OpenADR 2.0 Profile Specifications. It contains the following elements, used to develop test and
certification framework for Smart Grid and customer systems interoperability:
1. A set of data models derived from the OASIS Energy Interoperation 1.0 standard.
2. A set of services for performing various functions and operations for the exchange of the
data models, also derived from the OASIS Energy Interoperation 1.0 standard.
3. A set transport mechanisms for implementing the services. The transport mechanisms rely upon standard-based IP communications such as HTTP and XML Messaging and
Presence Protocol (XMPP).
4. A set of security mechanisms for securing each of the transport mechanisms.
5. OpenADR 2.0 Schemas (separate document)
The OASIS Energy Interoperation (EI) 1.0 standard describes the coordination of energy supplies, transmission, distribution, and usage. However, as shown in Figure 2, the features required within the OpenADR 2.0 Profile Specifications are a subset of this Energy Interoperation
1.0 standard. The reason for this development is twofold – 1) By having a strict and clear subset
of features to support OpenADR, devices can be clear about what features they must support in
order to participate in the OpenADR ecosystem; 2) by being a referenced subset, devices can
validate against the Energy Interoperation 1.0 standard, and participate in that ecosystem as well.

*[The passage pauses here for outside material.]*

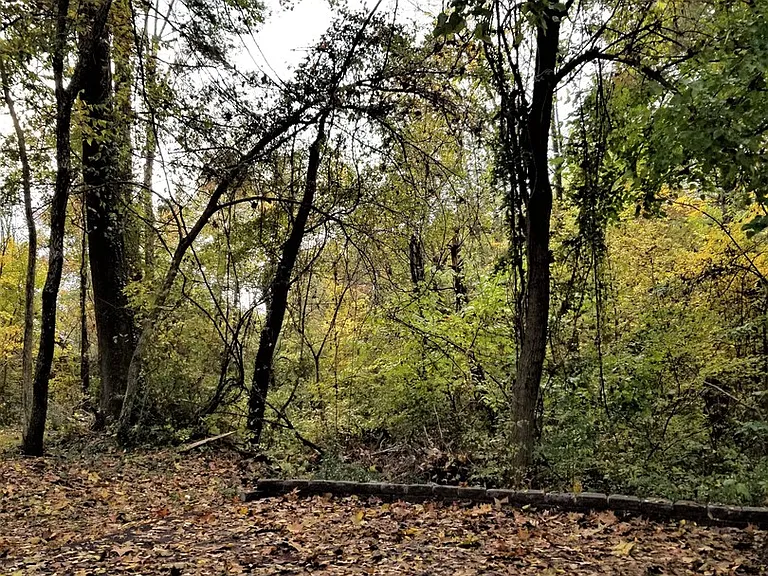 B - The Glade — Photo 14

These requirements are critical to maintain interoperability and reference the original standard.
Figure 2 Relationship between OASIS Energy Interoperation 1.0 Standard and OpenADR 2.0 Profiles
The above Figure 2 shows the relative relationship between the complete data model and services features of the Energy Interoperability 1.0 standard and OpenADR 2.0 profiles. The diagram also shows how the different profile subsets of OpenADR 2.0 relate to the complete OpenADR 2.0 feature set.

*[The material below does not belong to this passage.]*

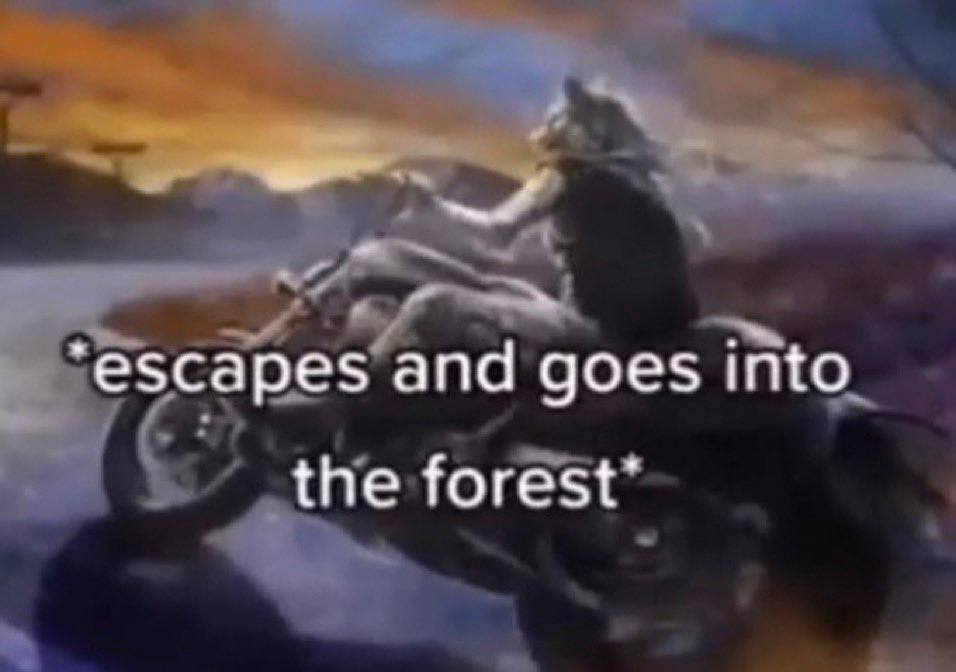 escapes and goes into the forest’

Message exchanges in OpenADR 2.0 support services related to communicating information
about Demand Response events. Networks of OpenADR nodes must be able to query for active
or pending events, register themselves, schedule events, and send reports. OpenADR nodes
must also be able to refine and update previously sent information. For instance, an OpenADR
node reporting DR events to nodes downstream must be able to cancel a previously scheduled
event if this becomes necessary.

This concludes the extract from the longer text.